The first half of June was shaky as the market braced for the uncertainty of a vote. The flight to safety caused yields to drop, but in the days leading up to the vote, there was a strong consensus that the 'remains' would come out on top, and the risk-on mentality came back into the market. However, on June 23, it became apparent that the 'leaves' would win, causing bond yields to drop significantly along with global equity markets and European and UK currencies.
With global markets fluctuating significantly, and in a time as volatile as we've seen in the past month, it is important to highlight the benefits of maintaining a well-diversified portfolio. At Invisor, by spreading out our holdings across several markets and rebalancing between them, we can off-set a lot of the downside risk we have in any particular market, and maintain our exposure to the upside potential.
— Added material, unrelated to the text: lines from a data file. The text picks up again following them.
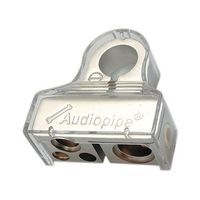 nippon Audiopipe Btp705n Negative Multi-feed Battery Terminals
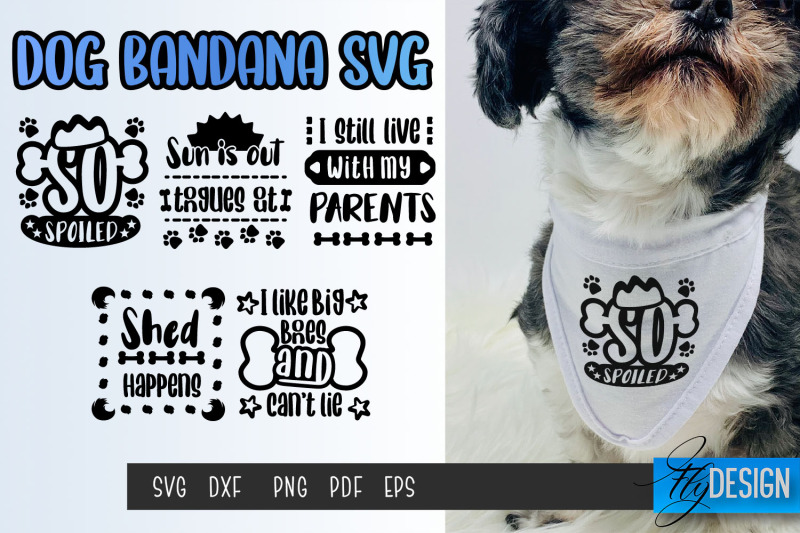 dog-bandana-svg-dogs-svg-bundle-pet-lovers-bundle-paws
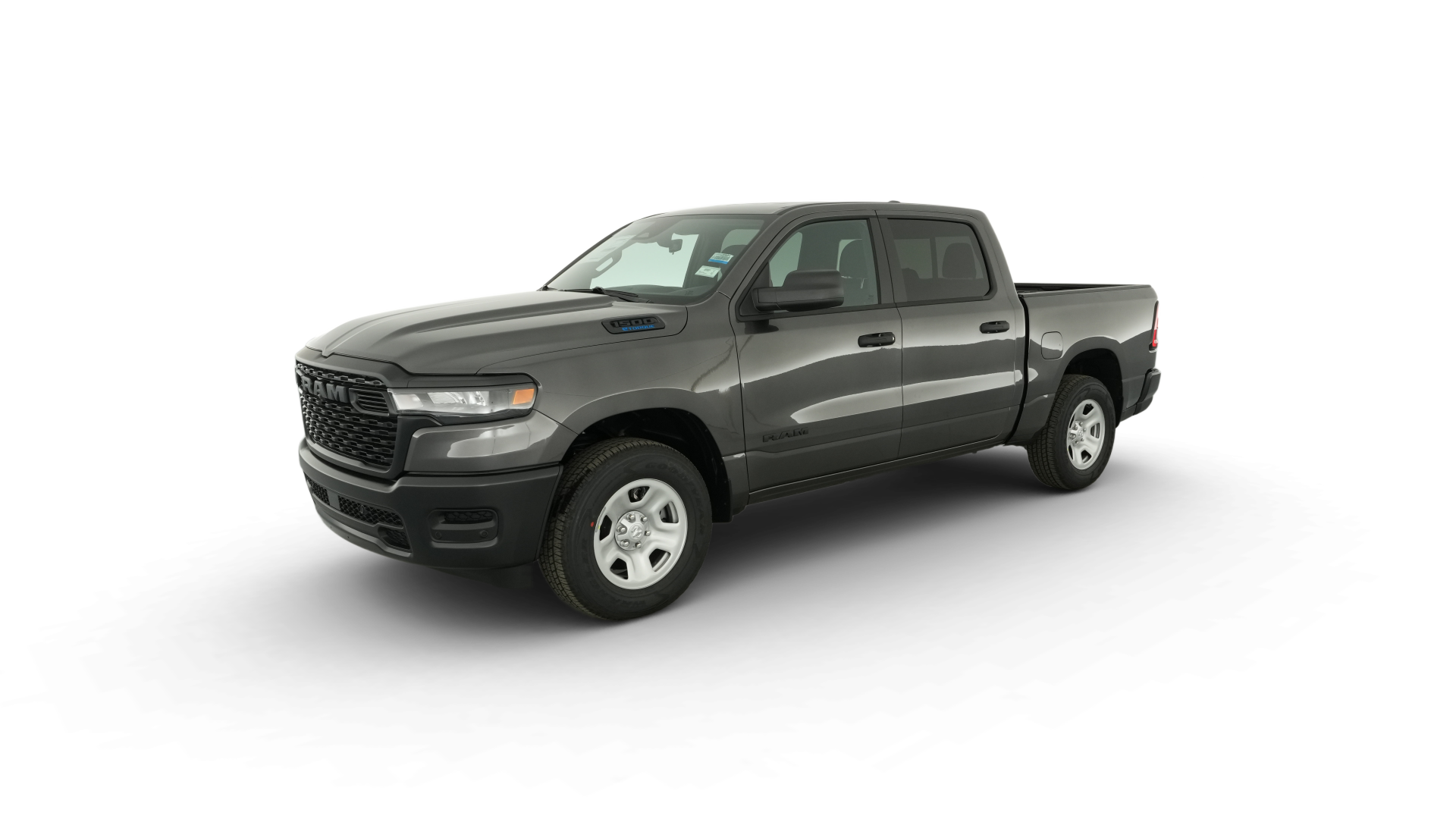 2026 Ram 1500 Crew Cab vehicle photo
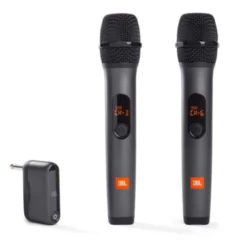 JBL Беспроводной микрофон JBL Wireless Microphone Set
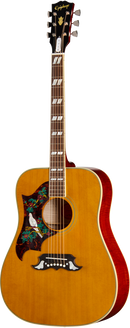 Epiphone ECDVR3NANHLH 1963 Dove Reissue Left Handed Acoustic Electric Guitar (Natural)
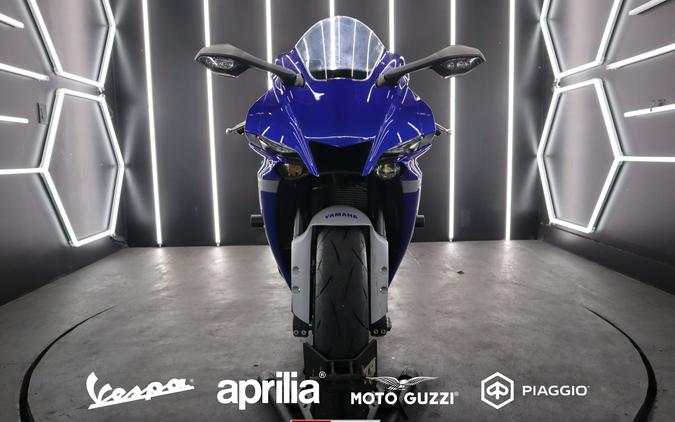 2021 Yamaha Motor Corp., USA YZF-R1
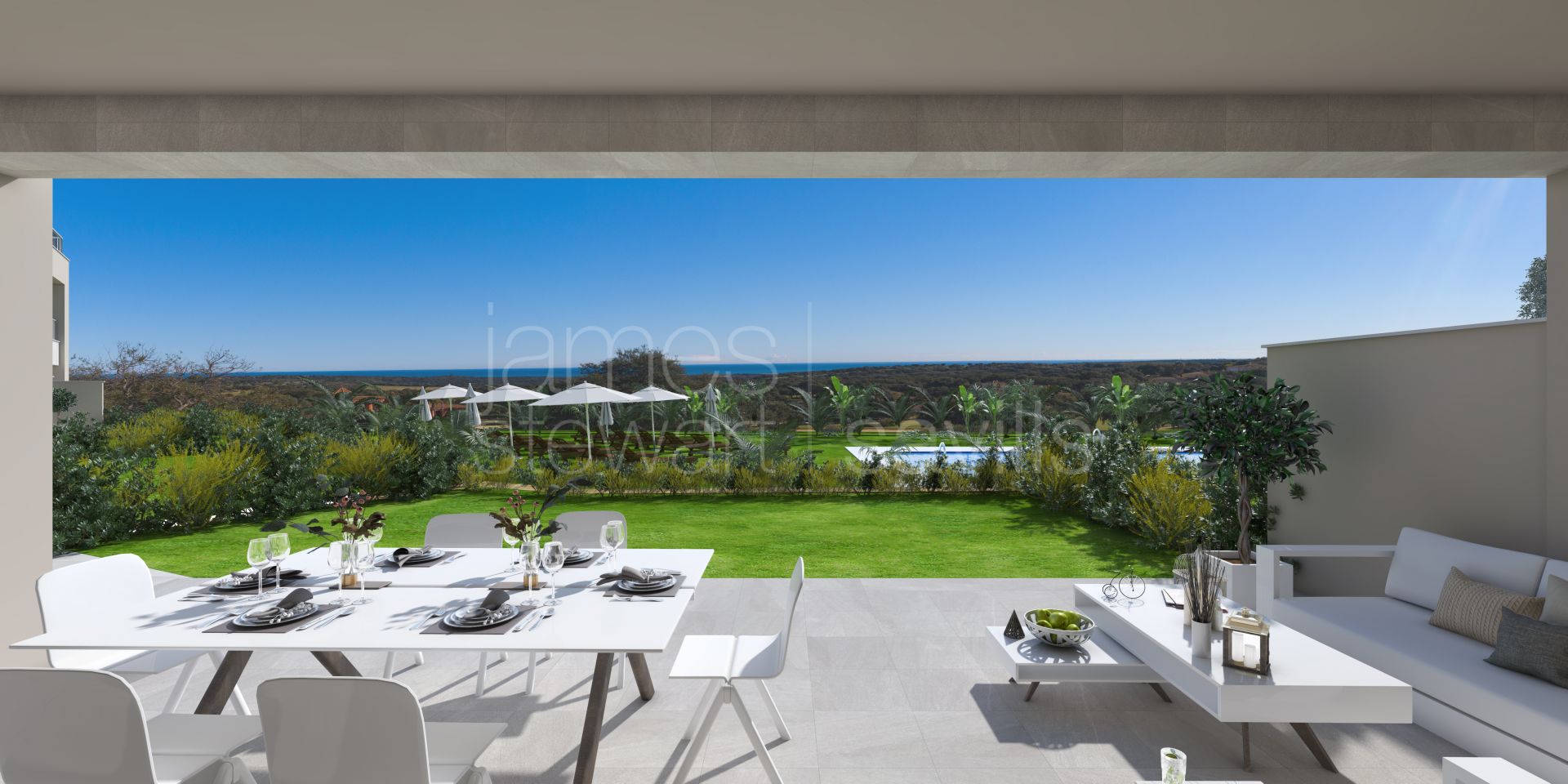 New Apartments within the San Roque Club golf resort from € 405,000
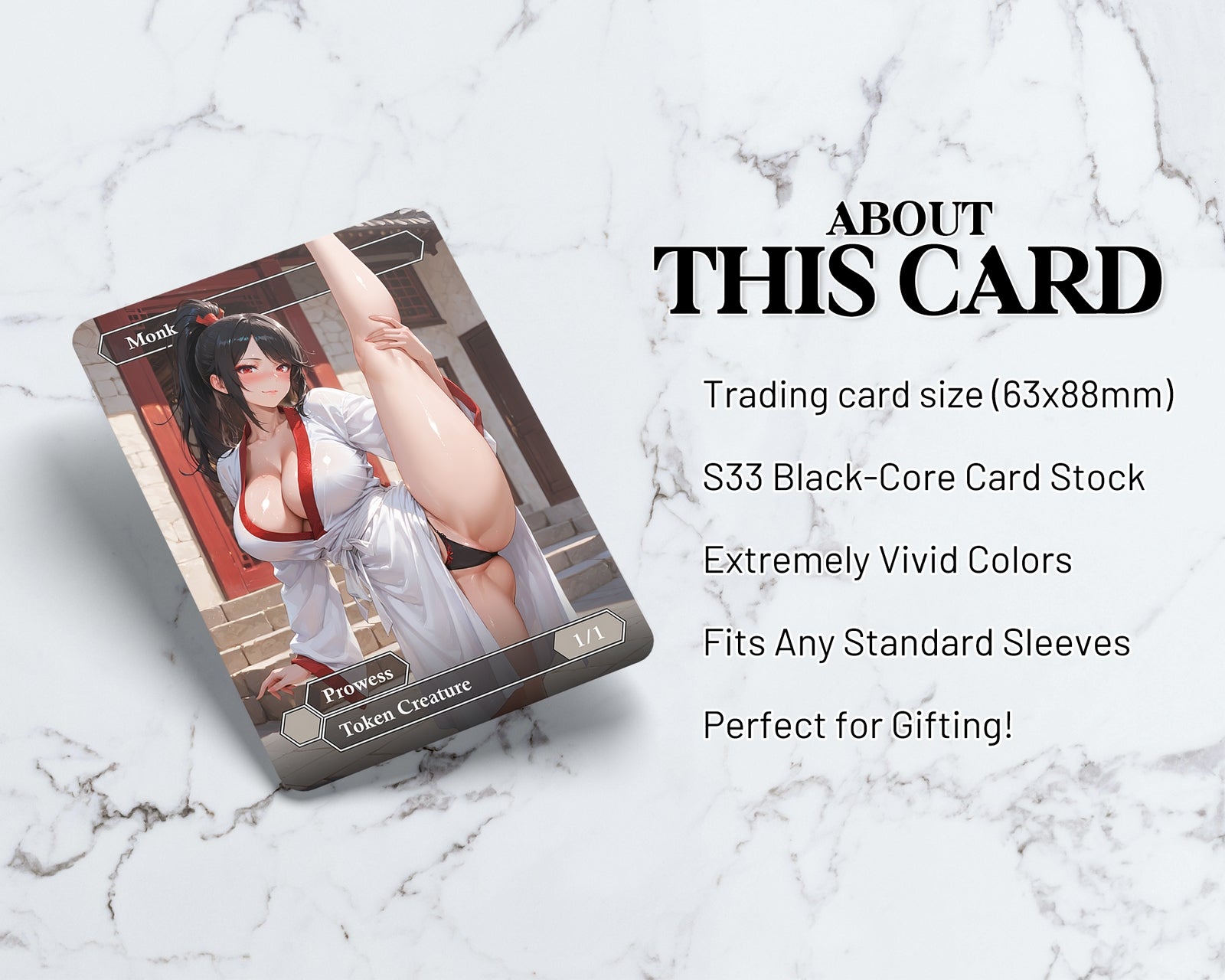 Monk Token (LUX) | Proxy Card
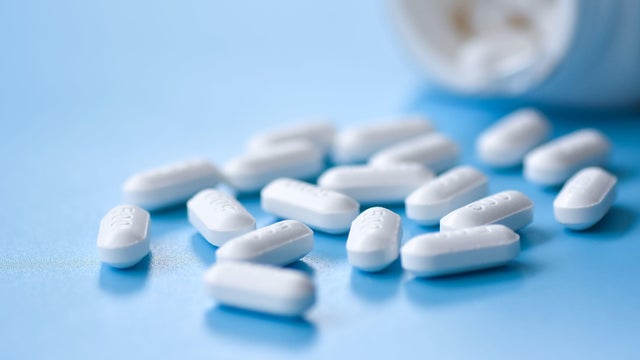 Drug overdose 
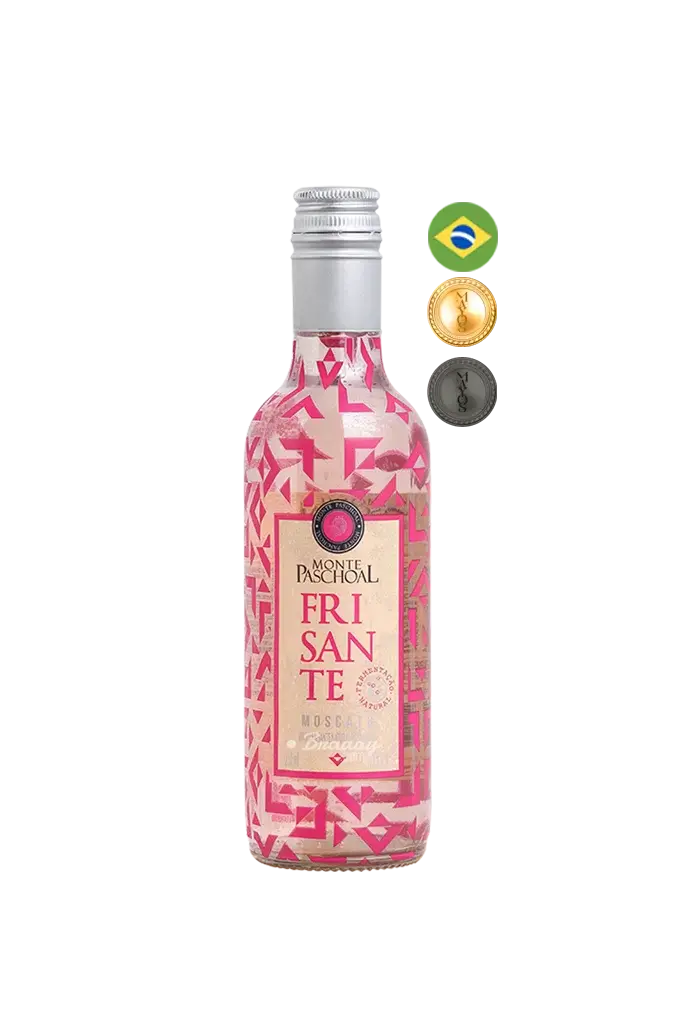 Frisante Rosé Monte Paschoal (250ml)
Going forward, we expect hightened levels of volatility as Britain and Europe come to a new trade agreement. Unless Britain can secure something solid, they will have to continue to contend with contracts being lost, movement of jobs, a possible referendum in Scotland, and a potentially more restrictive border between Northern Ireland and the Republic of Ireland. The EU has an incentive to levy stiffer penalties on Britain for leaving, as they do not want to incentivize existing members to see this as an option. Although the global economy will have to deal with this uncertainty, economic news over the past quarter has continued to remain solid in terms of manufacturing, home sales in the United States, and job growth.
As we saw in June, market fundamentals will continue to hold out as investors take advantage of mispricings and overreactions. This reminds us of the importance of staying steady in times of uncertainty, instead of selling when there are negative reactions, only to buy back when it's on its way back up. When we think of things from a long-term perspective, we're still in a risk-off mentality where there is a lot of cash on the sidelines. As we've said in the past, you want to be invested when this money finds its way back into the market.
Our message for long-term investors stays the same: stay invested, stick to your plan, and keep a well-diversified portfolio. It's going to help you in months like June when the market is volatile.